桜が終わると、裏磐梯には魅力的なお花たちが姿を現します。

初夏の高原に彩りを添えます。

①キクザキイチゲ(菊咲一華)
菊の花に似て一つだけ花を付けるので名前が付きました。高い山で雪の多い地方に自生し、4月に可憐な姿を見せてくれます。落葉広葉樹林の若葉が広がる頃には地上部は枯れて翌春まで地中で過ごすスプリングエフェメラルの一種です。

②クリンソウ(九輪草)
花の直径2~2.5cmで、五重の塔の頂上に付く九輪に似ているので名前が付きました。
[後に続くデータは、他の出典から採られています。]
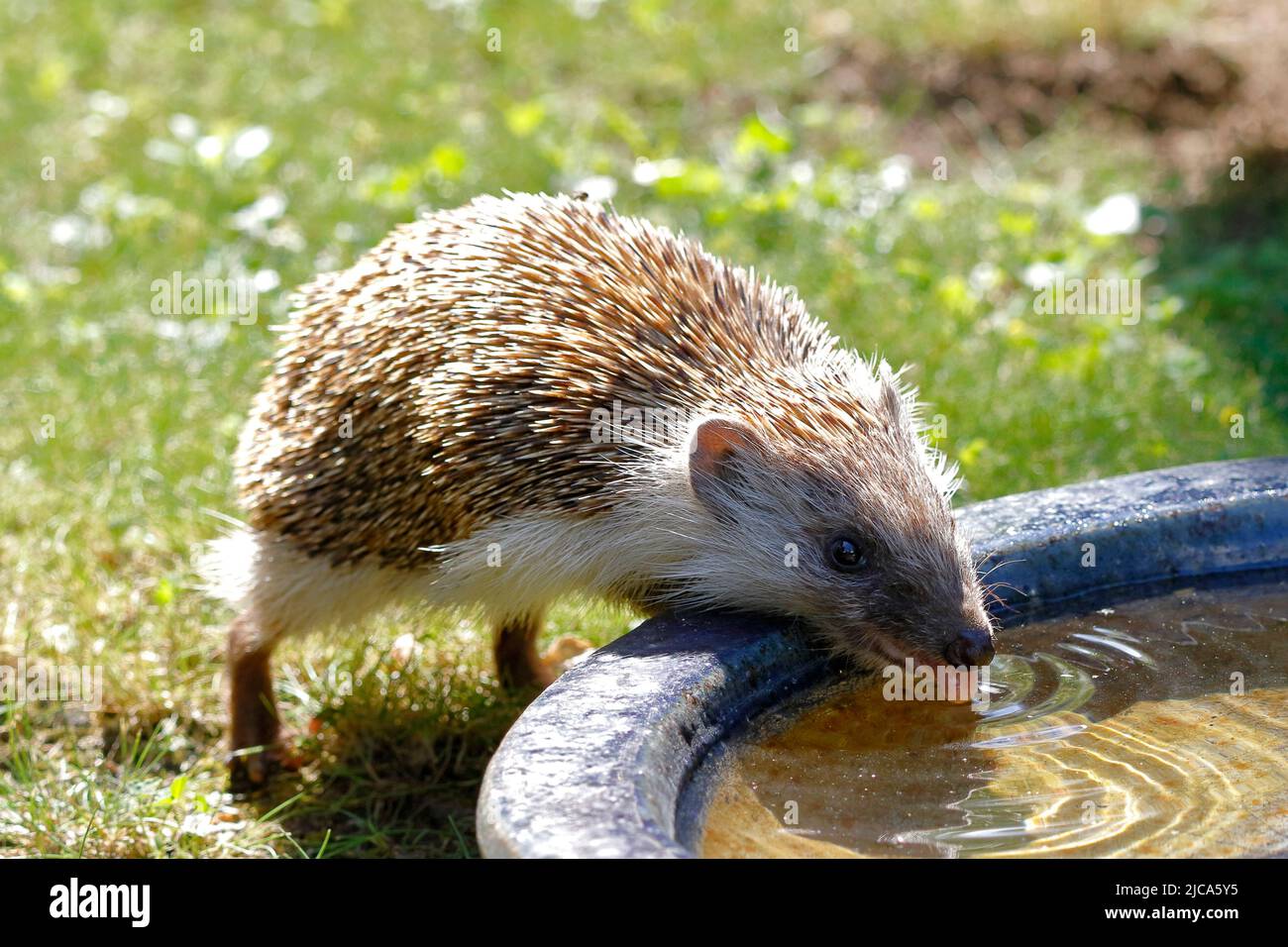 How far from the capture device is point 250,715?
16.8ft

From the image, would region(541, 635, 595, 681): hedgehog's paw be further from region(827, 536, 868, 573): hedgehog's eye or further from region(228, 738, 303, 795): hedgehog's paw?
region(827, 536, 868, 573): hedgehog's eye

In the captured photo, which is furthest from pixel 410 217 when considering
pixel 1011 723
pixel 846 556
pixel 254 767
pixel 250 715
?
pixel 1011 723

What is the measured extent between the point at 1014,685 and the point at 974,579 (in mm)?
328

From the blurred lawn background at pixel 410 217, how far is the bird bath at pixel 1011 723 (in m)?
1.22

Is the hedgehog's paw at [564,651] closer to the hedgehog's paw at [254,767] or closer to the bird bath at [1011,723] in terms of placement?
the hedgehog's paw at [254,767]

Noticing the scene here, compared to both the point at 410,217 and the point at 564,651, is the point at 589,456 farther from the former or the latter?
the point at 410,217

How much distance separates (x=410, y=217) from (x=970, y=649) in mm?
5003

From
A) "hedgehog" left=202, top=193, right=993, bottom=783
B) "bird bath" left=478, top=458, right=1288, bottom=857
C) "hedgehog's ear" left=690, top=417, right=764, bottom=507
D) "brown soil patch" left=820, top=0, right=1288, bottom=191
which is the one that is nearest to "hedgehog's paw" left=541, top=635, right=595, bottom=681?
"hedgehog" left=202, top=193, right=993, bottom=783

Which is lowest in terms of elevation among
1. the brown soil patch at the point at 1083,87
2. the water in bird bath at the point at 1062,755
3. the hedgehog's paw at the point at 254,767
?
the hedgehog's paw at the point at 254,767

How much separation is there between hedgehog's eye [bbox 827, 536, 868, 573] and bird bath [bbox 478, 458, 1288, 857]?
23 cm

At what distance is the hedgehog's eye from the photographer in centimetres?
428

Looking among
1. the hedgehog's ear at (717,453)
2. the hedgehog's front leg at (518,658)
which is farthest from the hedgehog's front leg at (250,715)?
the hedgehog's ear at (717,453)

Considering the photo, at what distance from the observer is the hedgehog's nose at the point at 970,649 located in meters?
4.03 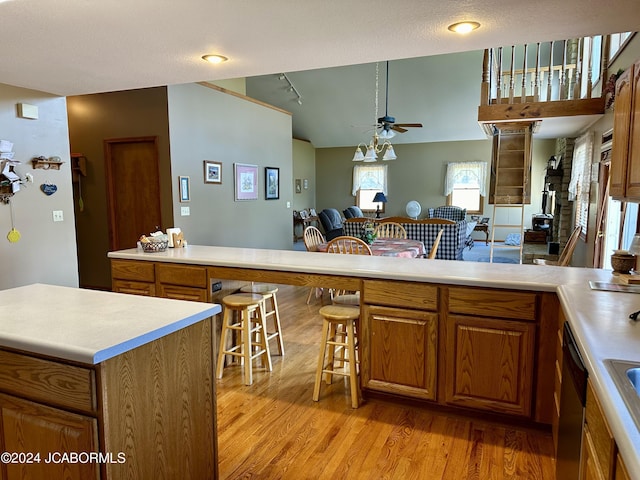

サクラソウの仲間は日本では15種程ありますが日本に自生するサクラソウ科の植物のなかでは最も大型です。

③ゼンテイカ(禅庭花)別名ニッコウキスゲ
日本の本州などでは高原に普通に見られる花『ゼンテイカ』です。一般にはニッコウキスゲの名前で呼ばれる事が多いようです。朝方に開花すると夕方にしぼんでしまう一日花です。雄国沼の群落はこの花の密度が日本一です。

④バンダイクワガタ(磐梯鍬形)
磐梯鍬形と呼ばれている様に、磐梯山で発見された会津磐梯山の固有種です。6月中旬頃から咲き始めます。茎先に青紫色の小さな花をつけます。

⑤リュウキンカ(立金花)
花が黄色で金色の花、そして茎が立つので立金花と名前がつきました。湿地や水辺に生える有毒の多年草です。この花も大きな群落をつくります。

⑥サンカヨウ(山荷葉)
荷葉とはハスの葉で山にあるのでサンカヨウと名前が付きました。雨にあたると花は半透明に透けてガラスの花の様にとてもきれいです。乾くともとの白花に戻ります。